Despite the clumsy aspects of the track, the lyrics are entirely beyond the purview of Run-D.M.C. At first, they are more akin to N.W.A., glorifying the crime spree of the narrator. But then the lyrics turn darker when the narrator spontaneously decides to murder and mutilate a prostitute: “A maniac, I stabbed the girl in her tits/ And to stop her nerves from jumping I just cut her to bits.” 

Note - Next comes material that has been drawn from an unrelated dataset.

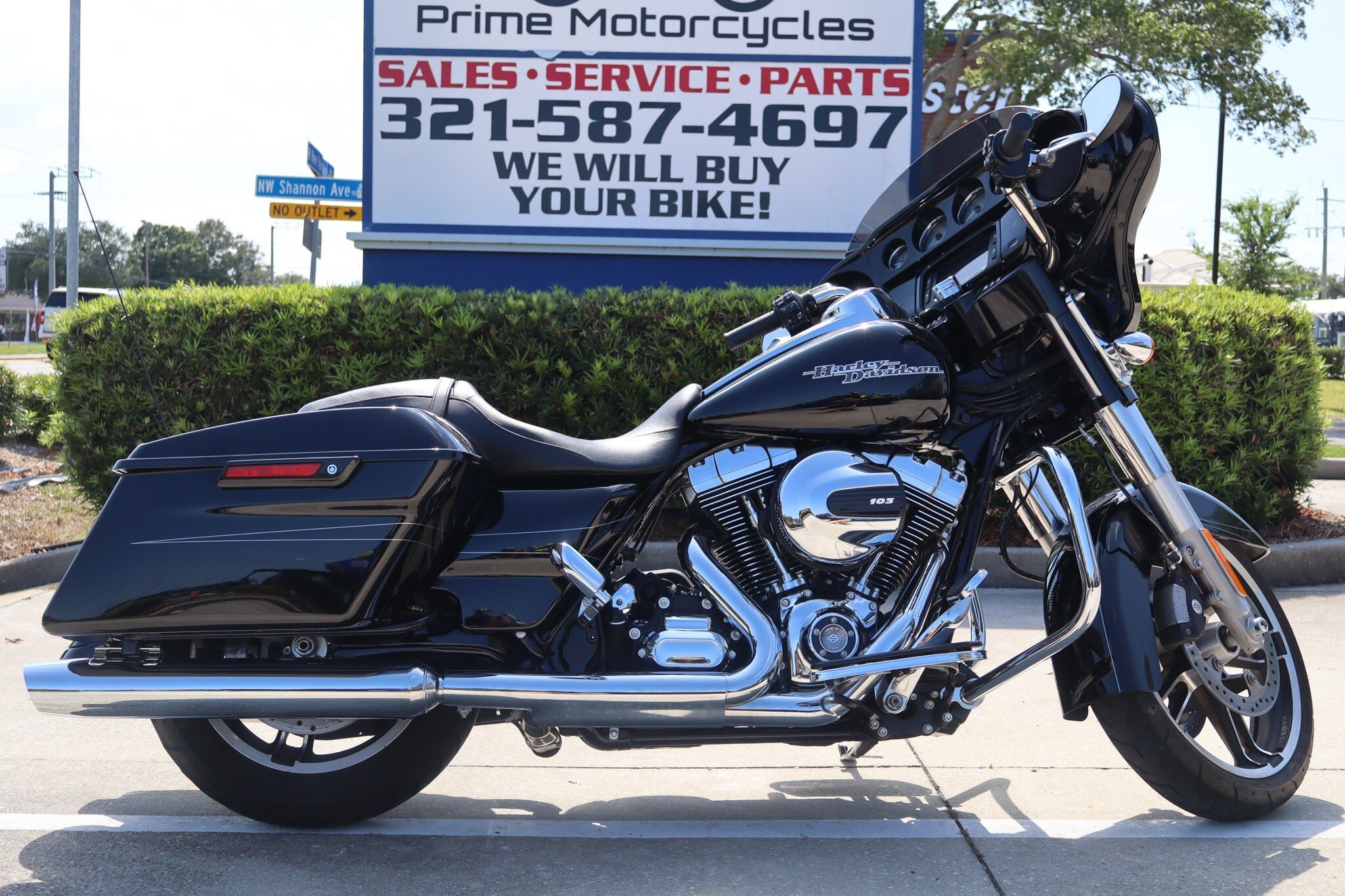 2015 Harley-Davidson Touring Street Glide Special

James Prince and DJ Ready Red decided to double down on the violence and outrage. They let Johnny C and Sire Jukebox go and hired Willie D (William Dennis) and a rapper that went by the moniker Akshen (Brad Jordan), whom they renamed Scarface in accordance with DJ Ready Red’s emerging aesthetic, grounded in that film. One night, Willie D overheard Little Billy rapping along to a Public Enemy track. He convinced Prince and Red to add him as a third rapper and Little Billy became Bushwick Bill. Willie D wrote a song that would be programmatic for Bill: “Size Ain’t Shit.” 

One can easily see the outlines of the “exploitation” narrative here. The Ghetto Boys (soon to become the Geto Boys—even the misspelling could be seen as manipulative) are not really a group with a solid lineup. They are whatever James Prince, a record label owner, needs them to be to push a brand, an emergent Houston hip-hop sound. Prince hires Little Billy to add some New York authenticity to the live show, but it is authentic breakdancing with a significant novelty factor involving his diminutive stature.

When their first album was deemed a bit too staid in its faux-D.M.C. trappings, Prince went back to the drawing board. If the vulgarity of N.W.A. was reading as “real” then Prince would produce a group that was even “realer”, grounded not just in Houston but redolent of its most notorious neighborhood, the Fifth Ward. Asken becomes Scarface; the excesses of a single track (“Assassins”) become the main ingredient of an entire group aesthetic. Moreover, the diminutive dancer becomes a rapper—a rapper with a ghostwriter in Willie D, who openly claimed “That would be some trip shit to see a midget rap.” (Sarig).

But an obvious problem arises here. How do we want to see Bushwick Bill? Do we want to see him as the disruptive hero that forces people to confront his non-normative body, to take seriously a man they might otherwise dismiss or politely avoid? Or do we want to view him as a victim, exploited by people in power to conjure up an audience and make money from the display of what is marketed as his aberrance? Or do we want to emphasize his role as the exploiter of demented imaginations and the worst possible inclinations of a listening public?

History depends upon narrative. Even historical facts are not simply objects available for perusal; they are the result of a way of viewing the world and the past—or, more to the point, a way of telling the world and its past. 

In essence, James Prince fabricates a rap group, then recasts it when it proves less than profitable. He and DJ Ready Red concoct not only a sound but an image for the group—and beyond the group, an image for the emergent Houston hip-hop scene. That image is grounded in a film (Scarface) that is itself exploitative yet celebrated within gangster culture. The song “Assassin” and the later tracks released by the Geto Boys grab a market share through shock value, giving voice to the darkest possible thoughts and acts of violence. And through it all, Prince and Red and then Willie D find ways to exploit a man suffering from dwarfism to draw attention—some of it also based in shock—to their brand.